Wednesday, May 27, 2009

Media: Internet Credibility

TORONTO, ONTARIO - I suppose I'll get myself in trouble with this post. It always happens when I either point out how people blindly accept what they hear in the media as true (an extreme case was described here) or try to account for it in my actions. If there's one thing people don't want to hear, it's that they might need to think more about the credibility of information entering their brain.

I've gotten especially frustrated with various Internet discussion boards of late, from Google groups (a modern interface for what we used to call USENET newsgroups) to specialty websites like Trainorders.com to closed-to-the-general-public distribution lists on Yahoo! groups. Despite the different potential participation, from anyone in the world to paying subscribers to hand-picked members, the same effect occurs--reliable sources are ignored in favor of those that speak loudest.

Specialty hobby sites are an especially interesting case because, by necessity, there are professionals on these sites that have to post using a pseudonym to avoid endangering their jobs. Oftentimes, these people are mid-level executives that have real, reliable information on both past and future events. A friend and I that both regularly read Trainorders recently discussed how some really valuable posts by people we knew to be high in management at major railroads had been largely ignored as posters believed to be college students posted contrary information and kept posting it with such confidence that any casual reading of a thread would conclude that the college student's version of history was correct.

The issue was acute because my friend at the time was trying to get the word out about what had actually gone on with the cancellation of a major excursion. People in the organization that he belonged to were having to spend a lot of time posting to various sites with their side of the story. In this case, I suspect their efforts were successful with those who were actually reading the threads in question. However, two days later, a new thread was created by someone who clearly hadn't bothered to read any of the previous threads, as often happens on the Internet, and the whole process started over again.

Back some months ago, a poster asked a question that I knew the answer to, having been an eye-witness to the event. Someone had already posted the correct answer, so I simply e-mailed him to say that I knew that poster was correct since I had actually been there. Nobody had posted contradictory information on the thread. The response I got back was, "I'm going to put two versions on my web site since I found another story on a web site." I found out what web site, and the webmaster was someone who was five years old when the event occurred and had apparently gotten the information from a newsgroup archive from the era. To the member of Generation Y that I was corresponding with, a random web posting was considered equivalent information to someone they had actually communicated with that had been an eyewitness.
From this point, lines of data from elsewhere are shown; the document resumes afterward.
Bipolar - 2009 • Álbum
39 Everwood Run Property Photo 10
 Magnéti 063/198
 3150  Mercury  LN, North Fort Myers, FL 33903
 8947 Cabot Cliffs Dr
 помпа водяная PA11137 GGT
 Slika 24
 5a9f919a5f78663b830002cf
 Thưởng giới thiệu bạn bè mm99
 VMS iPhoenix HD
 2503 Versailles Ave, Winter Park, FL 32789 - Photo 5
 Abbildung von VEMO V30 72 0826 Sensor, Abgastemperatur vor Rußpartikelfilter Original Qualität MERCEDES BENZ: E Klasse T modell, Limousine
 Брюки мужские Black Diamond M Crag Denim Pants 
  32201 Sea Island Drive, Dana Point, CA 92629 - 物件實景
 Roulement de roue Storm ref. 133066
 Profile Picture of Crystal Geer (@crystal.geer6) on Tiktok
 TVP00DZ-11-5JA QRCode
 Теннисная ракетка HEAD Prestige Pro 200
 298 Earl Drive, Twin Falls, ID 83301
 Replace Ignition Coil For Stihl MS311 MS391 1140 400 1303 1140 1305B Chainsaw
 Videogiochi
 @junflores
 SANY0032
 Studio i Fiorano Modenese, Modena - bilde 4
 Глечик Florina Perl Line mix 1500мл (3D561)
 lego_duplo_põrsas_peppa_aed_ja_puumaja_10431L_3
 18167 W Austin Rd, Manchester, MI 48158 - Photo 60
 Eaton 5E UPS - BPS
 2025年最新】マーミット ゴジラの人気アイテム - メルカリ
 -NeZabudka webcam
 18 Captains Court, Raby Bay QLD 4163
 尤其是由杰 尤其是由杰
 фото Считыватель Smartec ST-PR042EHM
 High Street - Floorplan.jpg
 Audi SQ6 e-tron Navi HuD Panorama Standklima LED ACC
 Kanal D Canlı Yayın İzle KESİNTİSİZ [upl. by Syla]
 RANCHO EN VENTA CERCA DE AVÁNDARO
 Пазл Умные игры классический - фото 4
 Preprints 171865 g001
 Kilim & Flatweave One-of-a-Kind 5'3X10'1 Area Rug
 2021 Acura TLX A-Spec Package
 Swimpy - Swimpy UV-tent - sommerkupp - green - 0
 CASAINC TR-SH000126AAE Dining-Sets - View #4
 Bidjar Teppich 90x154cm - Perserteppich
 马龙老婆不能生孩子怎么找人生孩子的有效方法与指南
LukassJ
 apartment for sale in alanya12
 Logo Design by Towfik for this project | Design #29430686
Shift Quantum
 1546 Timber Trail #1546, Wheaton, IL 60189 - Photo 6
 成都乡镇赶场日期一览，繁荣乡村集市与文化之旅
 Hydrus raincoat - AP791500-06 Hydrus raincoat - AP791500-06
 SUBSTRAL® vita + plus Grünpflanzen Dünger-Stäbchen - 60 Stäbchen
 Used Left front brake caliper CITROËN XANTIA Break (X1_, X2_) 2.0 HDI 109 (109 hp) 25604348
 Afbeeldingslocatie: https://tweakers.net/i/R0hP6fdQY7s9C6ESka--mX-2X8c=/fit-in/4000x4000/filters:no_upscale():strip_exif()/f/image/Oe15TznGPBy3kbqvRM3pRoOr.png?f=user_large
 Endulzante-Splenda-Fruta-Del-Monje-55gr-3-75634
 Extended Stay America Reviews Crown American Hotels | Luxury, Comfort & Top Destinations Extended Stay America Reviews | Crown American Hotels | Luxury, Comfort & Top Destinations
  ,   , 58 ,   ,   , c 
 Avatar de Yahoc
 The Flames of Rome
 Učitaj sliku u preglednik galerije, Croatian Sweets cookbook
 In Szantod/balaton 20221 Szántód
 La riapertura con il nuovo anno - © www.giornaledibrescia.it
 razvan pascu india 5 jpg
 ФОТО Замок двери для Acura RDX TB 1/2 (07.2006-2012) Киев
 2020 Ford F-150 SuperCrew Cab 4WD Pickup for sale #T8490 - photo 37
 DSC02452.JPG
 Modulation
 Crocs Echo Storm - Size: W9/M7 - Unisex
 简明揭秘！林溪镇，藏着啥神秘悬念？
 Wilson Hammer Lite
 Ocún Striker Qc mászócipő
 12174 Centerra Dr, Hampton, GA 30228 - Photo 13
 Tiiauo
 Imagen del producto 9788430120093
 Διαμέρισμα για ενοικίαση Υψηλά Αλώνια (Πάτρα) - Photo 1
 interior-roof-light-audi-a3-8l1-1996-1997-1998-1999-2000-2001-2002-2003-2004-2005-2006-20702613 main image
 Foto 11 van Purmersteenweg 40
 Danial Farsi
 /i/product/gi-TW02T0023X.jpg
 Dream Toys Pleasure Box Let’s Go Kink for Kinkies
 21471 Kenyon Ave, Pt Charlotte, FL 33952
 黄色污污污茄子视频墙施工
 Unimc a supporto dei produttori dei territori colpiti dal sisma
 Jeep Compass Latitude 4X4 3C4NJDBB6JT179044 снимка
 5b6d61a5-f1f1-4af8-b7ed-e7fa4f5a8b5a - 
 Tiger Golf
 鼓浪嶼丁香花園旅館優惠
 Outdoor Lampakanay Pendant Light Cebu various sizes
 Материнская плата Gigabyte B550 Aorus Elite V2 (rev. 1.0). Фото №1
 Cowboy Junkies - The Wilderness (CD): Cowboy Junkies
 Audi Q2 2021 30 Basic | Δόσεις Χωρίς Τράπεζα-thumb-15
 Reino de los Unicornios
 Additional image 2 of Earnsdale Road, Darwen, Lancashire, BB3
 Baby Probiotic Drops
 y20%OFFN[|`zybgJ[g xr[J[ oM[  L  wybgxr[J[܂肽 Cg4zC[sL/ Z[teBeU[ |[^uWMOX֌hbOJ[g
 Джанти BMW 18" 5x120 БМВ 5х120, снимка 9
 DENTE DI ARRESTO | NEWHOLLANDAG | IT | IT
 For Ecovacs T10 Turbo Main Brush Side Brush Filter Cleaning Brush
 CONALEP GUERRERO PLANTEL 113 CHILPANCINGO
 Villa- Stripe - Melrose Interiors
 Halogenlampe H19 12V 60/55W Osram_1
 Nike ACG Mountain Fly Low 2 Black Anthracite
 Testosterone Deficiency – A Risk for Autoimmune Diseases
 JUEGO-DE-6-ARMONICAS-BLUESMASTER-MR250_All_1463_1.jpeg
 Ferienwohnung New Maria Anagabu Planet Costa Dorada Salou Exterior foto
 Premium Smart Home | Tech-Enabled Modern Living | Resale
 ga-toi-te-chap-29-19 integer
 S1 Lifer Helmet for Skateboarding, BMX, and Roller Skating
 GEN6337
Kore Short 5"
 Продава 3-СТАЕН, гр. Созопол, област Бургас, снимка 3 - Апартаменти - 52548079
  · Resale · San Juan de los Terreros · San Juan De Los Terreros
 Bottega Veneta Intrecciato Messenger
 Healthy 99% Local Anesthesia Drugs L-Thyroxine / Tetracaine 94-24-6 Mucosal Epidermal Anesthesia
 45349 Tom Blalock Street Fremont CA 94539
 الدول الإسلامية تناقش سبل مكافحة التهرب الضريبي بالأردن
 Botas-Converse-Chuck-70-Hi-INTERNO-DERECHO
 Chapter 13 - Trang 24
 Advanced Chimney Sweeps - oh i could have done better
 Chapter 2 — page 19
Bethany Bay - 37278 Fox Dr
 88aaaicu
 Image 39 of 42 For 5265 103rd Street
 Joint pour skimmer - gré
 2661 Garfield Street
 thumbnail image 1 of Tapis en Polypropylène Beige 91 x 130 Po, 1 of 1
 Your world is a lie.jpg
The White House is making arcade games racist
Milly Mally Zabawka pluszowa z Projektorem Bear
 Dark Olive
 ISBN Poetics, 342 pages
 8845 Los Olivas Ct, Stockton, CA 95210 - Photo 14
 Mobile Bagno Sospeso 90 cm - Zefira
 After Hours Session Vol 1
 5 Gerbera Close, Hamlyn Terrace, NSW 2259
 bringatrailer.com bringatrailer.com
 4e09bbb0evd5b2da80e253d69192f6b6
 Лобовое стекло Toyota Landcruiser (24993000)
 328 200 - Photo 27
I don't know how many times I've asked a member of Generation Y whether they needed information on something and heard "no, I found it on the Internet" and it turned out to be incorrect information that didn't even match what was on the Internet's own Wikipedia, much less more reliable non-Internet sources. In some cases, these were facts with political consequences, like economic figures, that the person was going to use in a letter to their political representative or a newspaper (er, more likely a comment on a newspaper web site). It's not hard to see the danger of this mentality. Start a loud enough campaign and post confidently to a variety of Internet forums, and one's falsified version of facts will suddenly start being spread and viewed as reliable information.

The Internet was supposed to be the ultimate democratic enterprise in which anyone could express ideas and the best ideas would rise to dominate, no matter where they came from. Instead, much as in a free, unregulated economy the best marketing actually wins out over the most useful products, what seems to happen on the Internet is that those ideas that are promoted most aggressively win out. This is especially disturbing when the matter at hand is not one of opinion or philosophy, but of historical fact. Everyone, not just Generation Y, needs to better learn how to evaluate the accuracy of information they find on the Internet.